As opposed to e-tailers, micro-finance is a distinctly low technology business. Its aim is to offer very small credits to lower-middle to lower class and poor people, that would otherwise be ignored by the traditional banking business. The banks that have followed this strategy of selling services to the low-frequency long tail of the sector have found out that it can be an important niche, long ignored by consumer banks.[33] The recipients of small credits tend to be very good payers of loans, despite their non-existent credit history. They are also willing to pay higher interest rates than the standard bank or credit card customer. It also is a business model that fills an important developmental role in an economy.[34]

Grameen Bank in Bangladesh has successfully followed this business model. In Mexico the banks Compartamos and Banco Azteca also service this customer demographic, with an emphasis on consumer credit. Kiva.org is an organization that provides micro credits to people worldwide, by using intermediaries called small microfinance organizations (S.M.O.'s)to distribute crowd sourced donations made by Kiva.org lenders.

User-driven innovation[edit]

According to the user-driven innovation model, companies can rely on users of their products and services to do a significant part of the innovation work. Users want products that are customized to their needs. They are willing to tell the manufacturer what they really want and how it should work. Companies can make use of a series of tools, such as interactive and internet based technologies, to give their users a voice and to enable them to do innovation work that is useful to the company.

Given the diminishing cost of communication and information sharing (by analogy to the low cost of storage and distribution, in the case of e-tailers), long-tailed user driven innovation will gain importance for businesses.

In following a long-tailed innovation strategy, the company is using the model to tap into a large group of users that are in the low-intensity area of the distribution. It is their collaboration and aggregated work that results in an innovation effort.

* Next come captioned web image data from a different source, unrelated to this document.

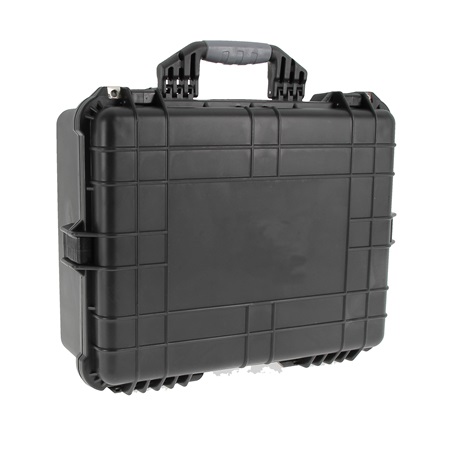 Valise plastique étanche BLACKCASE - Dim int : 48,5x35,5x17(10+7)cm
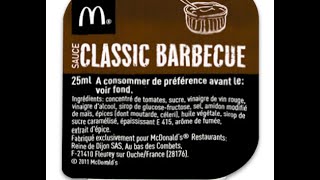 Recette de la sauce barbecue Mc Donalds [upl. by Towrey]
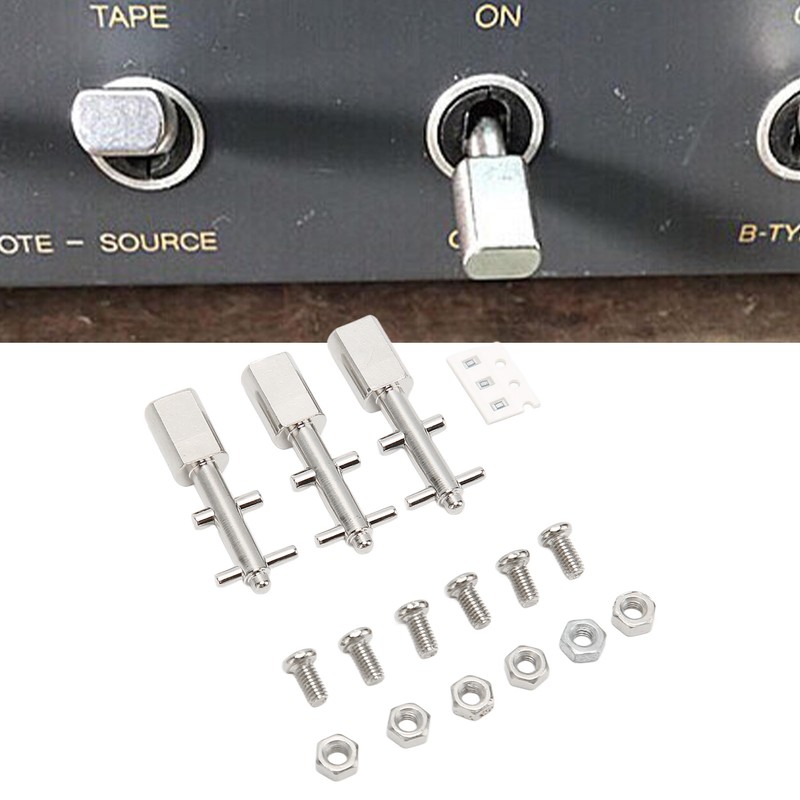 3pcs Toggle Switch Matte Chrome Coating Heavy Duty Toggle Flick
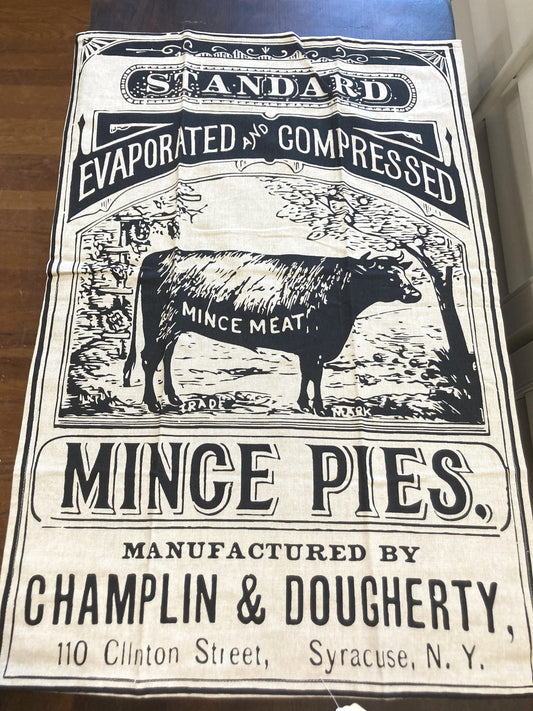 Cotton Tea Towel - Mince Pies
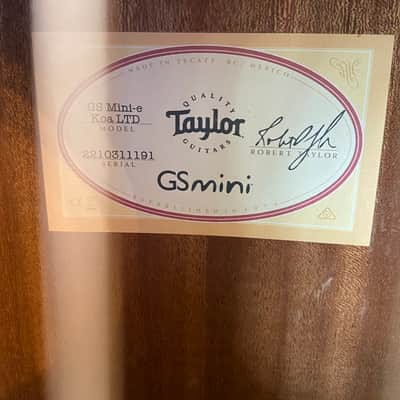2021 Taylor GS Mini-e Koa LTD image 4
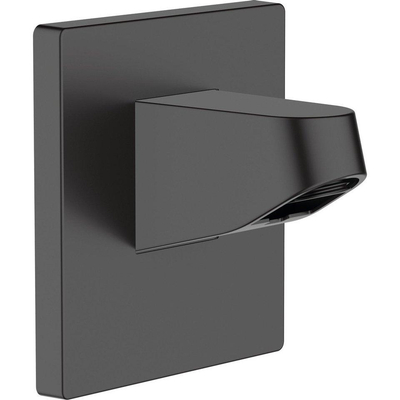 Hansgrohe Showerselect Ensemble de douche - pomme de douche - douchette - thermostatique - partie encastrable - support - coude mural - flexible - noir mat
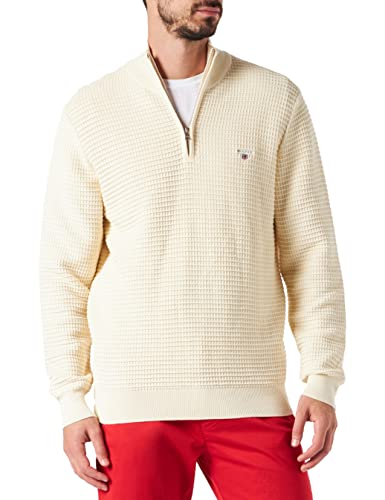 GANT sweter męski, kremowy, M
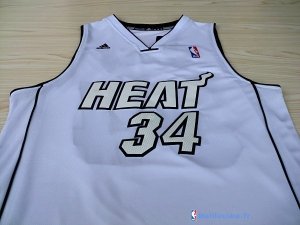 Maillot NBA Pas Cher Miami Heat Ray Allen 34 Blanc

Social innovation communities formed by groups of users can perform rapidly the trial and error process of innovation, share information, test and diffuse the results.

Eric von Hippel of MIT's Sloan School of Management defined the user-led innovation model in his book Democratizing Innovation.[35] Among his conclusions is the insight that as innovation becomes more user-centered the information needs to flow freely, in a more democratic way, creating a "rich intellectual commons" and "attacking a major structure of the social division of labor".

Marketing[edit]

The drive to build a market and obtain revenue from the consumer demographic of the long tail has led businesses to implement a series of long-tail marketing techniques, most of them based on extensive use of internet technologies. Among the most representative are:

Cultural and political impact[edit]

The long tail has possible implications for culture and politics. Where the opportunity cost of inventory storage and distribution is high, only the most popular products are sold. But where the long tail works, minority tastes become available and individuals are presented with a wider array of choices. The long tail presents opportunities for various suppliers to introduce products in the niche category. These encourage the diversification of products. These niche products open opportunities for suppliers while concomitantly satisfying the demands of many individuals – therefore lengthening the tail portion of the long tail. In situations where popularity is currently determined by the lowest common denominator, a long-tail model may lead to improvement in a society's level of culture. The opportunities that arise because of the long tail greatly affect society's cultures because suppliers have unlimited capabilities due to infinite storage and demands that were unable to be met prior to the long tail are realized. At the end of the long tail, the conventional profit-making business model ceases to exist; instead, people tend to come up with products for varied reasons like expression rather than monetary benefit. In this way, the long tail opens up a large space for authentic works of creativity.

Cultural diversity[edit]

Television is a good example of this: Chris Anderson defines long-tail TV in the context of "content that is not available through traditional distribution channels but could nevertheless find an audience."[37] Thus, the advent of services such as Television on demand, Pay-per-view and even premium cable subscription services such as HBO and Showtime open up the opportunity for niche content to reach the right audiences, in an otherwise mass medium. These may not always attract the highest level of viewership, but their business distribution models make that of less importance. As the opportunity cost goes down, the choice of TV programs grows and greater cultural diversity rises.

Distribution of independent content[edit]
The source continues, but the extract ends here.